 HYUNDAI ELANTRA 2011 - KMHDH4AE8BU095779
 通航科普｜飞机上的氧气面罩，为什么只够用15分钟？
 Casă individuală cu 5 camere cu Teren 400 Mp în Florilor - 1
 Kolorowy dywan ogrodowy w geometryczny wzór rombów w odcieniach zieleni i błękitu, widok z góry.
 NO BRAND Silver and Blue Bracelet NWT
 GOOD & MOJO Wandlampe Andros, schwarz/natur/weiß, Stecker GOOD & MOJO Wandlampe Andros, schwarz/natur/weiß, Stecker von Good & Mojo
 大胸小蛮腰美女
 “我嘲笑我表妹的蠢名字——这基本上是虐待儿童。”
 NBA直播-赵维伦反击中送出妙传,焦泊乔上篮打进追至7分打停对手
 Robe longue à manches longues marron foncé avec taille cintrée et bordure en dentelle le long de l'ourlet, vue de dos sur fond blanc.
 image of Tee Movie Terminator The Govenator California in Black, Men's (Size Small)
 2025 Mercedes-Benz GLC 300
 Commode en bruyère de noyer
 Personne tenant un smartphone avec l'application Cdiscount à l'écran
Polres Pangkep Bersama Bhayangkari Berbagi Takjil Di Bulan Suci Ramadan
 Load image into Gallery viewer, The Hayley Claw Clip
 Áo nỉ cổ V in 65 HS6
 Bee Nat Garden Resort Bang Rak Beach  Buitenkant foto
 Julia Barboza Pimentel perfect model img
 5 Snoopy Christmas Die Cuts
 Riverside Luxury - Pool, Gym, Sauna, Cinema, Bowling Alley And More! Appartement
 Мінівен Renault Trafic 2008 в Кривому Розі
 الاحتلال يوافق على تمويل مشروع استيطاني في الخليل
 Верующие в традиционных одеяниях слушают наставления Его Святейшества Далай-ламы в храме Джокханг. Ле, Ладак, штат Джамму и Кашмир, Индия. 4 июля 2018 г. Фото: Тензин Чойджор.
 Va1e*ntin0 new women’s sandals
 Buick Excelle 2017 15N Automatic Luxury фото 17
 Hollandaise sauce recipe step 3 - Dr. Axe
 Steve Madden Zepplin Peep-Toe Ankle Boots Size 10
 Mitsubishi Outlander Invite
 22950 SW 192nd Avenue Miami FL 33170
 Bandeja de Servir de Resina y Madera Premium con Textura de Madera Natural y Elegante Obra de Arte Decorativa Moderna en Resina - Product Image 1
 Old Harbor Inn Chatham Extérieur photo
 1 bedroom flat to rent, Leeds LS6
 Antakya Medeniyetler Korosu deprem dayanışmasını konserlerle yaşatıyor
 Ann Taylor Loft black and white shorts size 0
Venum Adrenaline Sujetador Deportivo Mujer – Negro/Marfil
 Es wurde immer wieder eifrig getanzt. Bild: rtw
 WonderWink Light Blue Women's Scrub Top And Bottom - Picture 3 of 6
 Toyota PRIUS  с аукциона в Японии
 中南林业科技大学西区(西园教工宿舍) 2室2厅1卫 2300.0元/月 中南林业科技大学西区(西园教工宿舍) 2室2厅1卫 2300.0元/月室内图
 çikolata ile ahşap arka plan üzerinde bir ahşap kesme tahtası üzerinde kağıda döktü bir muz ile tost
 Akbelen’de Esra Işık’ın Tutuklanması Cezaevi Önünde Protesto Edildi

_ _ _

PROMPT: The data should be transcribed exactly, line for line.

SOLUTION FOR THIS PROBLEM:
 HYUNDAI ELANTRA 2011 - KMHDH4AE8BU095779
 通航科普｜飞机上的氧气面罩，为什么只够用15分钟？
 Casă individuală cu 5 camere cu Teren 400 Mp în Florilor - 1
 Kolorowy dywan ogrodowy w geometryczny wzór rombów w odcieniach zieleni i błękitu, widok z góry.
 NO BRAND Silver and Blue Bracelet NWT
 GOOD & MOJO Wandlampe Andros, schwarz/natur/weiß, Stecker GOOD & MOJO Wandlampe Andros, schwarz/natur/weiß, Stecker von Good & Mojo
 大胸小蛮腰美女
 “我嘲笑我表妹的蠢名字——这基本上是虐待儿童。”
 NBA直播-赵维伦反击中送出妙传,焦泊乔上篮打进追至7分打停对手
 Robe longue à manches longues marron foncé avec taille cintrée et bordure en dentelle le long de l'ourlet, vue de dos sur fond blanc.
 image of Tee Movie Terminator The Govenator California in Black, Men's (Size Small)
 2025 Mercedes-Benz GLC 300
 Commode en bruyère de noyer
 Personne tenant un smartphone avec l'application Cdiscount à l'écran
Polres Pangkep Bersama Bhayangkari Berbagi Takjil Di Bulan Suci Ramadan
 Load image into Gallery viewer, The Hayley Claw Clip
 Áo nỉ cổ V in 65 HS6
 Bee Nat Garden Resort Bang Rak Beach  Buitenkant foto
 Julia Barboza Pimentel perfect model img
 5 Snoopy Christmas Die Cuts
 Riverside Luxury - Pool, Gym, Sauna, Cinema, Bowling Alley And More! Appartement
 Мінівен Renault Trafic 2008 в Кривому Розі
 الاحتلال يوافق على تمويل مشروع استيطاني في الخليل
 Верующие в традиционных одеяниях слушают наставления Его Святейшества Далай-ламы в храме Джокханг. Ле, Ладак, штат Джамму и Кашмир, Индия. 4 июля 2018 г. Фото: Тензин Чойджор.
 Va1e*ntin0 new women’s sandals
 Buick Excelle 2017 15N Automatic Luxury фото 17
 Hollandaise sauce recipe step 3 - Dr. Axe
 Steve Madden Zepplin Peep-Toe Ankle Boots Size 10
 Mitsubishi Outlander Invite
 22950 SW 192nd Avenue Miami FL 33170
 Bandeja de Servir de Resina y Madera Premium con Textura de Madera Natural y Elegante Obra de Arte Decorativa Moderna en Resina - Product Image 1
 Old Harbor Inn Chatham Extérieur photo
 1 bedroom flat to rent, Leeds LS6
 Antakya Medeniyetler Korosu deprem dayanışmasını konserlerle yaşatıyor
 Ann Taylor Loft black and white shorts size 0
Venum Adrenaline Sujetador Deportivo Mujer – Negro/Marfil
 Es wurde immer wieder eifrig getanzt. Bild: rtw
 WonderWink Light Blue Women's Scrub Top And Bottom - Picture 3 of 6
 Toyota PRIUS  с аукциона в Японии
 中南林业科技大学西区(西园教工宿舍) 2室2厅1卫 2300.0元/月 中南林业科技大学西区(西园教工宿舍) 2室2厅1卫 2300.0元/月室内图
 çikolata ile ahşap arka plan üzerinde bir ahşap kesme tahtası üzerinde kağıda döktü bir muz ile tost
 Akbelen’de Esra Işık’ın Tutuklanması Cezaevi Önünde Protesto Edildi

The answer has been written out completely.